Paul Gorman is…

The legendary Harold The Ted + one of Mr Freedom’s ‘monstrous oddities’

//Harold Harris with 10ft tall display item designed by Rod Stokes, Mr Freedom, 1971. Photo courtesy Andrew Greaves.//

Something of a legend in 70s British boutique circles, here is Harold The Ted in all his glory accompanying one of the extravagant display items at Mr Freedom in Kensington Church Street: a 10 foot tall cut-out representation of a glowering boy scout made by Electric Colour Company’s Rod Stokes.

Harold Harris hailed from Hemel Hempstead, Hertfordshire. Avoiding the articulation of the first letters of his name, hometown and county – as detailed in my book Mr Freedom – ‘Arold became the boutique’s star salesman when the late Tommy Roberts, Trevor Myles and John Paul moved their fashion business from 430 King’s Road to Kensington in December 1970.

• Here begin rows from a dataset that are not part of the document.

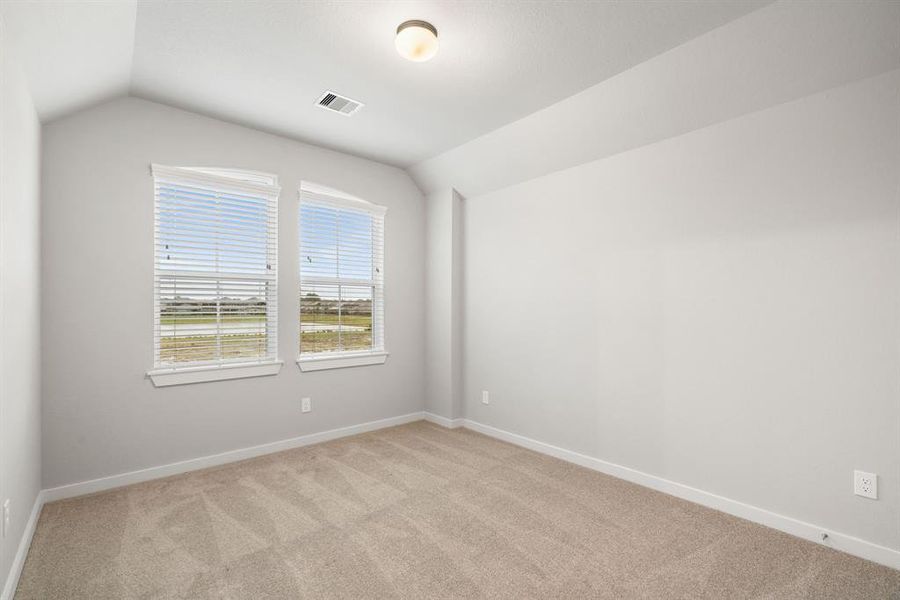Generously sized secondary bedrooms featuring spacious closets, soft and inviting carpeting underfoot, large windows allowing plenty of natural light. Sample photo of completed home with similar floor plan. As-built interior colors and selections may vary.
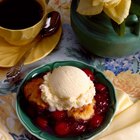 Homemade peach cobbler served with vanilla ice cream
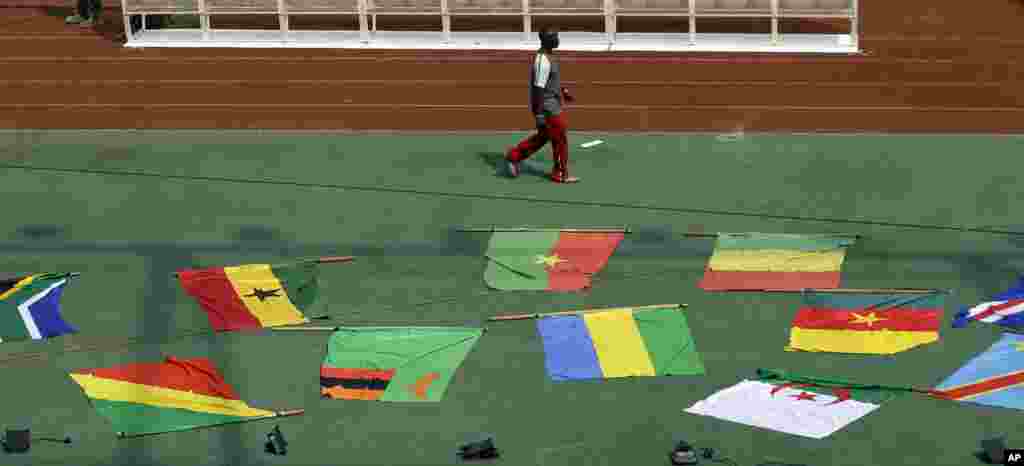Un homme passe devant les drapeaux nationaux des équipes participantes avant la cérémonie d'ouverture le premier match de footballdu Groupe A de la Coupe d'Afrique des Nations à Bata, en Guinée équatoriale, le vendredi 16 janvier 2015.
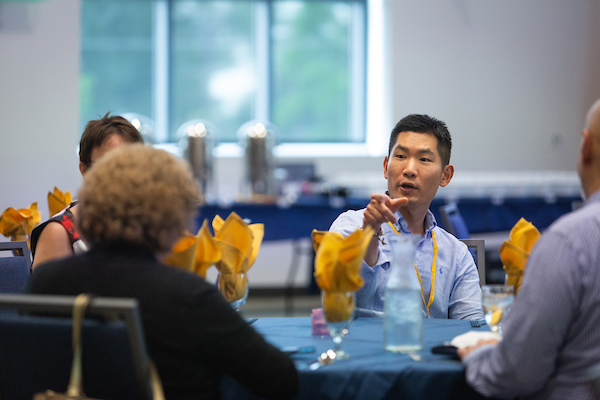 Small group conversing during a learning conference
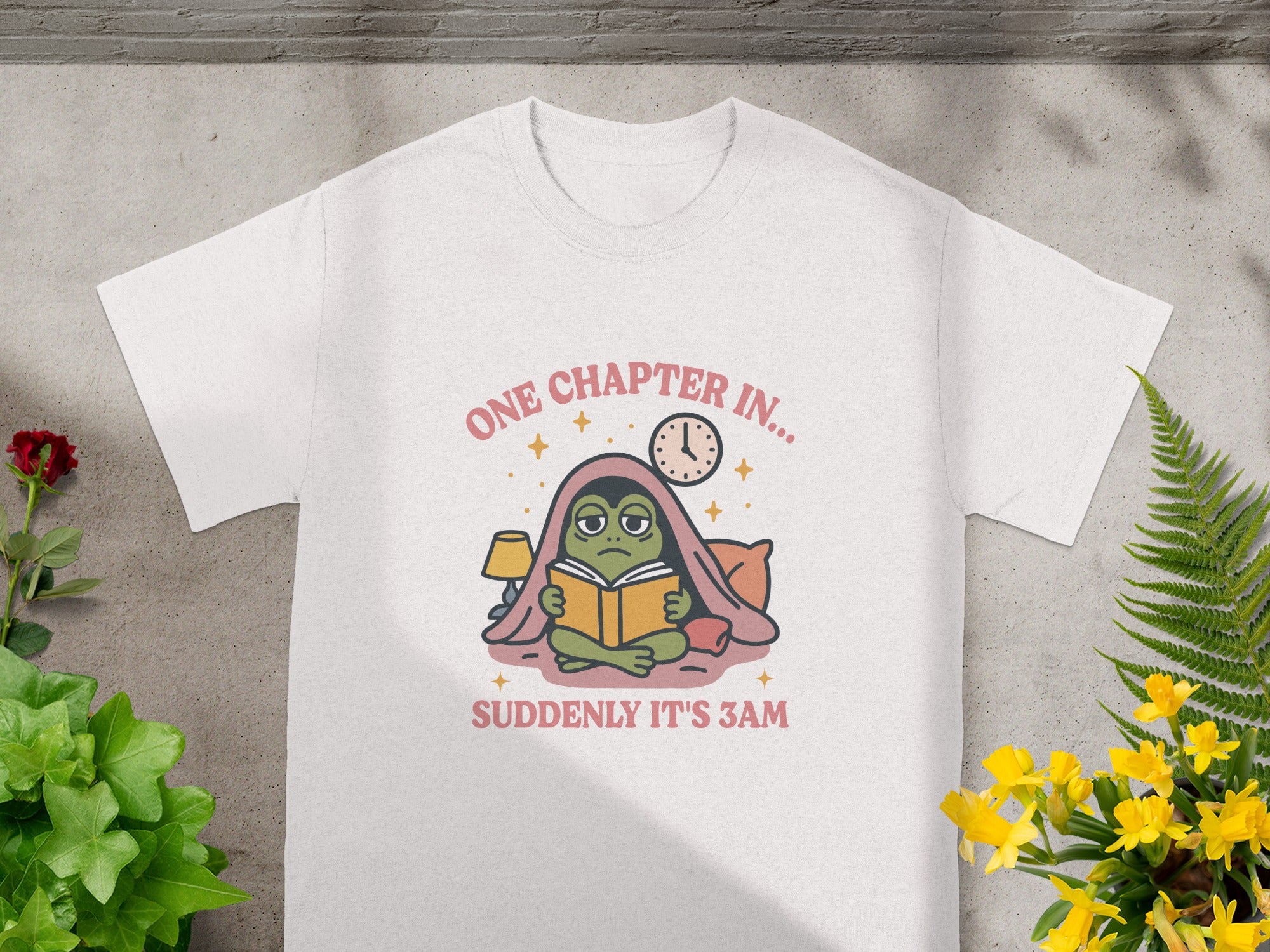 White t-shirt with illustration of a frog reading a book, "ONE CHAPTER IN...", and "SUDDENLY IT'S 3AM".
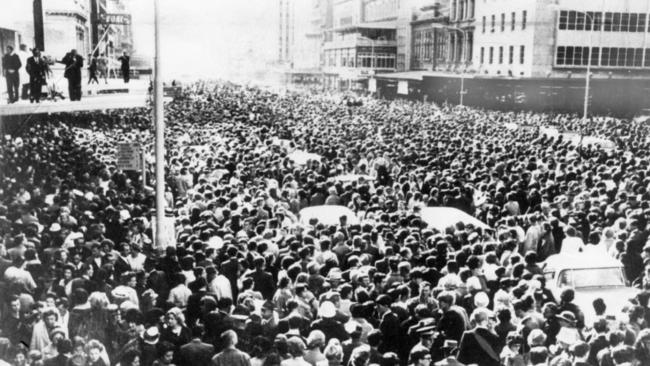 Crowds of fans who came to see The Beatles flood King William Street on June 12, 1964. Picture: Advertiser Library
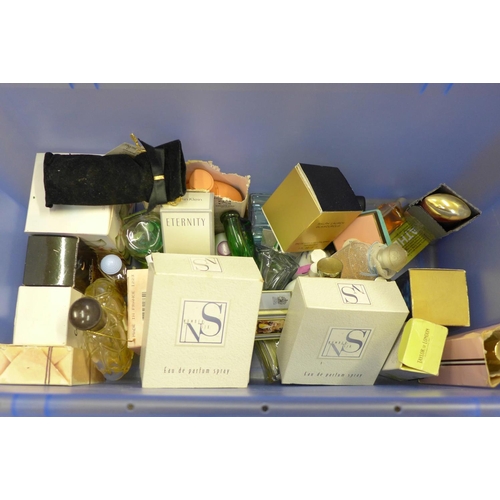 711 - A box containing used perfumes including Chanel No 5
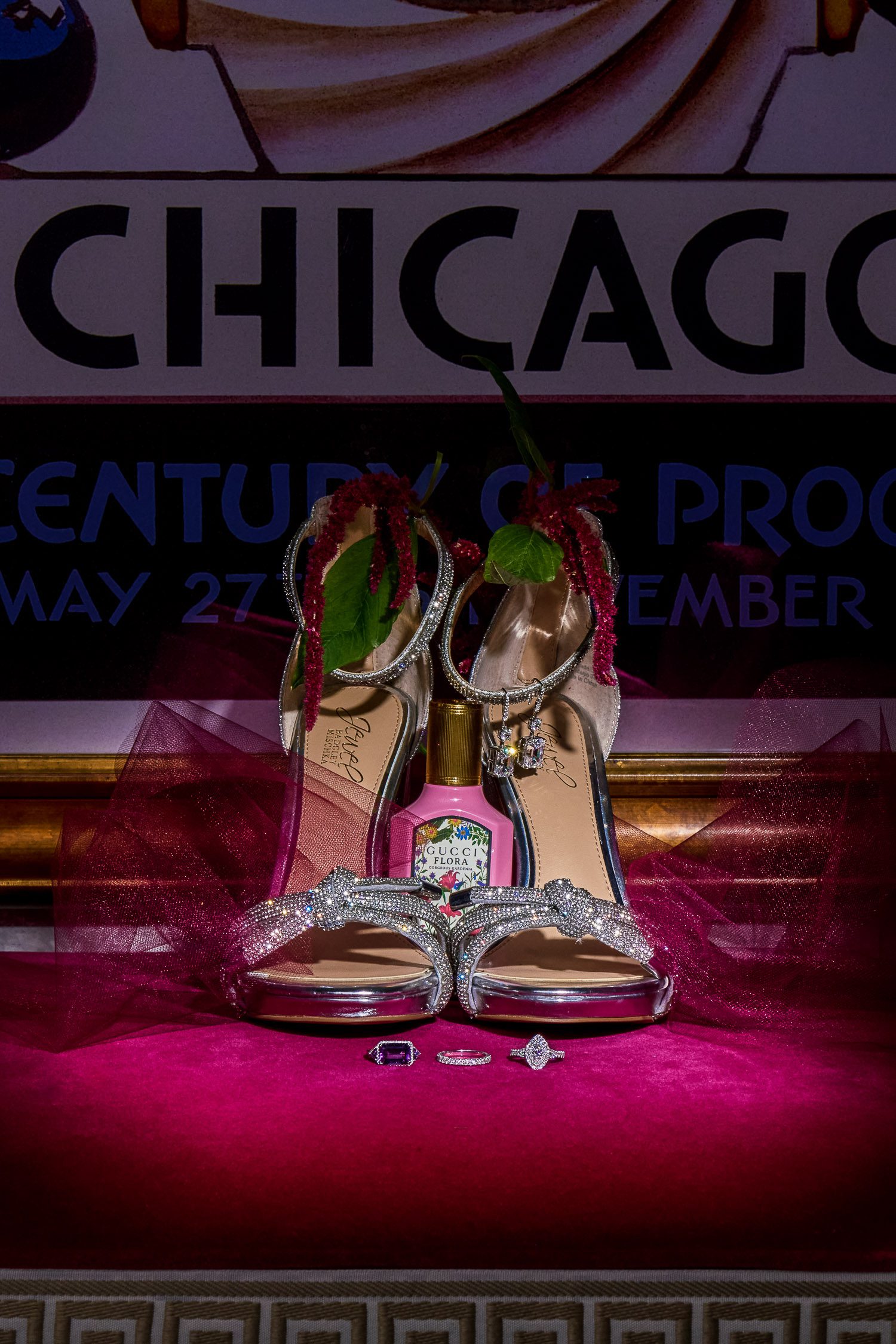 Jewelry and shoes on pink velvet bench for a flat lay type of image.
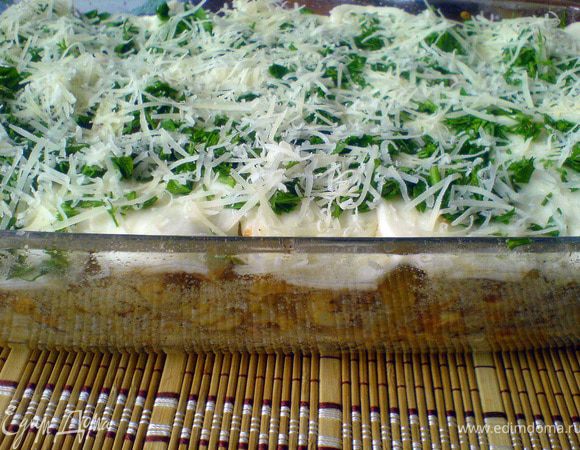 Форму смазываем маслом (1 ст.л.) и присыпаем сухарями. Выкладываем пасту с соусом. 
Нарезаем пластиками моцареллу, выкладываем поверх пасты. Посыпаем порубленной зеленью и оставшимся сыром (1/3).
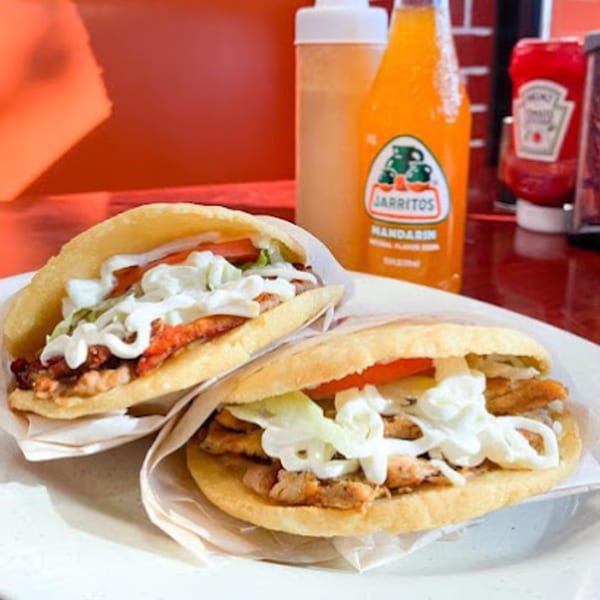 Two gorditas filled with meat, lettuce, tomato, and crema, with a Jarritos soda in the background.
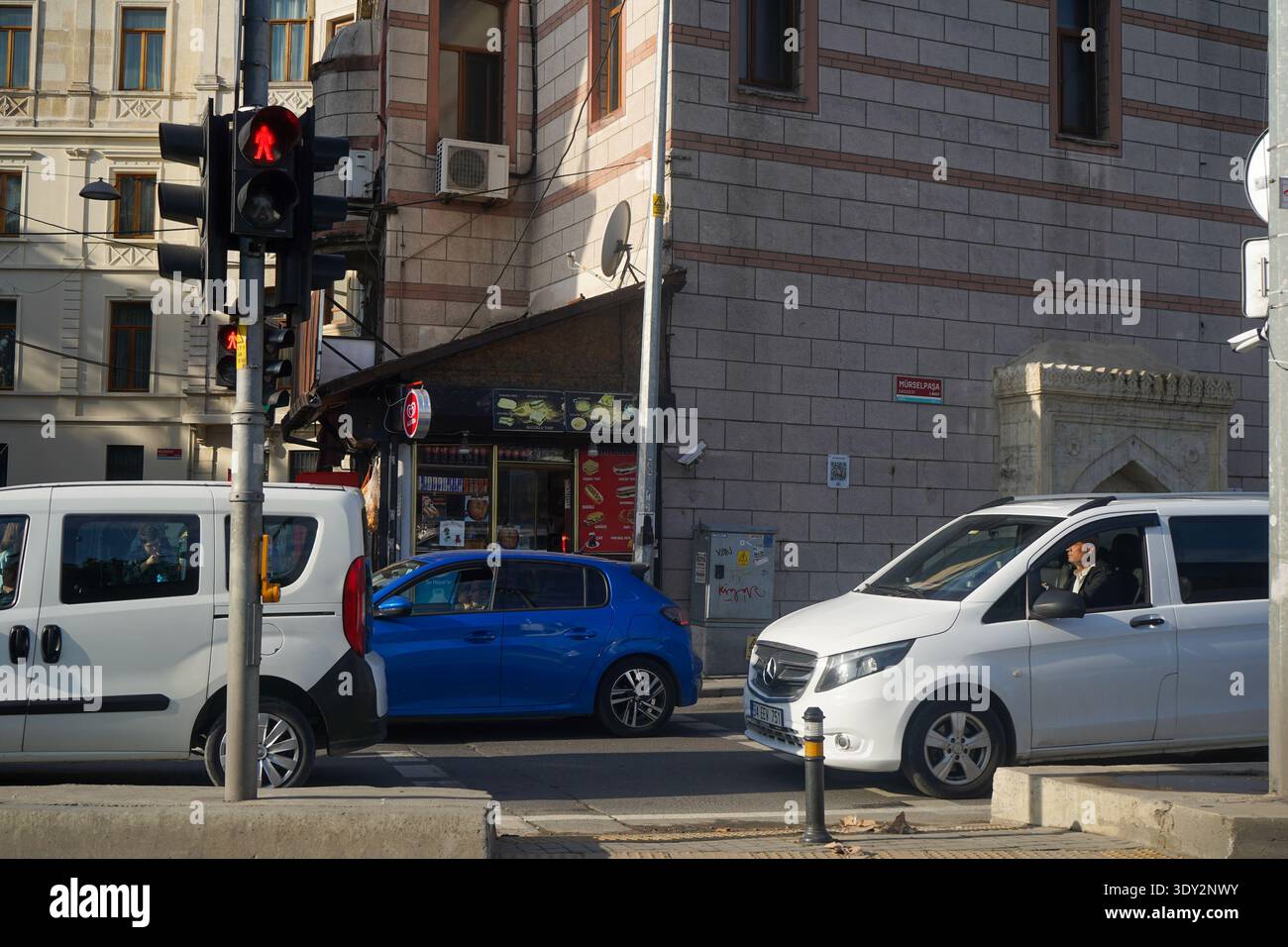 Rote Fußgängerampel auf der Mürselpaşa Ave, Fatih. Ein weißer Mercedes-Van und ein blaues Auto fahren an einem historischen Steingebäude in Istanbul vorbei. Stockfoto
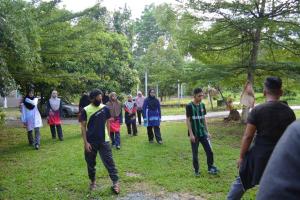 a group of people walking in a park at Anjung Afilia 1 in Kuala Kangsar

“Harold was a total Ted, beyond total, fucking mental,” Roberts told me in 2000. “He was good image. He didn’t care who our customers were. There’d be Jill St John or some other film star looking through the clothes and he’d go: ‘Wot you fuckin’ doing with that rack, cock?’ He’d say to David Hockney, ‘So you want a pair of triousis do yer cocker?’ He gave the shop a wonderful feel.”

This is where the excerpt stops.